The Extract, Transform, Load (ETL) with AWS IoT Greengrass solution accelerator enables developers to quickly build, test, and develop IoT solutions that include ETL functions.
Extract, transform, load using AWS IoT Greengrass
Version: 1.0
Last updated: 10/2019
Author: AWS
Overview
You can use this solution accelerator to quickly setup an edge device with AWS IoT Greengrass to perform extract, transform, and load functions on data gathered from local devices, before being sent to AWS. The solution accelerator breaks the three steps of ETL operations into discrete processes, decoupled using persistent data queues.

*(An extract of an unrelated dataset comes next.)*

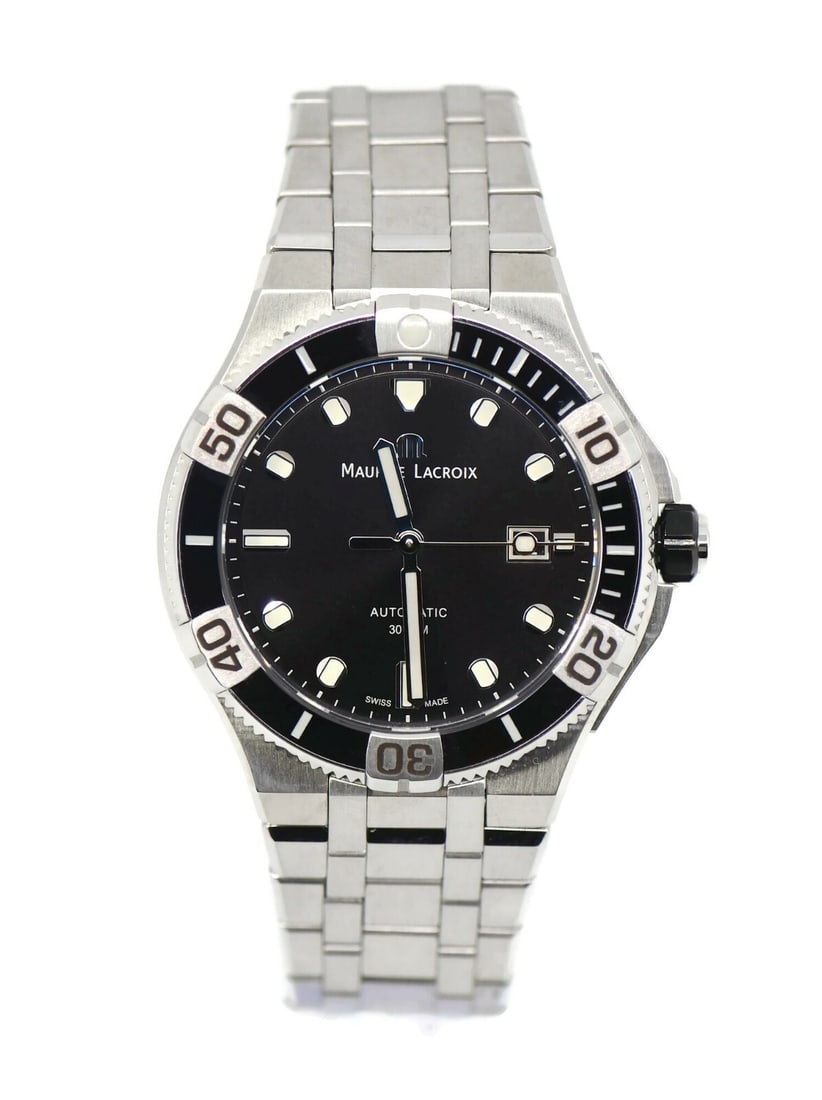 Maurice Lacroix Aikon Stainless Steel Watch AI6058 with Box and Papers: Maurice Lacroix Aikon Stainless Steel Watch AI6058 with Box and Papers Discover the elegance of the Maurice Lacroix Aikon Stainless Steel Watch AI6058, a perfect blend of sophistication and functional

Each AWS Lambda process places and/or retrieves messages from the relevant data queues.
Use case
Common use cases for ETL at the edge include:
- Receiving data from different protocols such as LoRaWAN, OPC-UA, or bespoke systems, and converting into standard data formats for use in Cloud workloads
- Culling high-frequency data, performing averaging functions -and- on large data sets, and then loading averaged or filtered values at a reduced rate
- Calculating values from disparate data sources on the local device, and sending filtered values to the cloud back end
- Cleansing, de-duplication, or filling missing time series data elements
Architecture
To read the vehicle data, an ODB-II data logger is connected to the vehicle and queries the data ten times per second using IoT Greengrass. Every message read is converted to JSON and also stored into a time series database. The content of the messages is transformed from the 8-byte OBD-II values into a readable JSON formatted message.
Finally, individual records are stored as JSON records in Amazon S3 via Amazon Kinesis Data Firehose. Every thirty seconds, the minimum, average, and maximum values of parameters of interest are published to AWS IoT Core via MQTT.
Features
Customizable
This solution accelerator is hardware agnostic and can be customized to deploy and run on most any hardware running AWS IoT Greengrass. The AWS Partner Device Catalog provides a list of qualified devices that have been tested to run IoT Greengrass and interoperate with AWS. You can self-test your hardware to run AWS IoT Greengrass with AWS IoT Device Tester.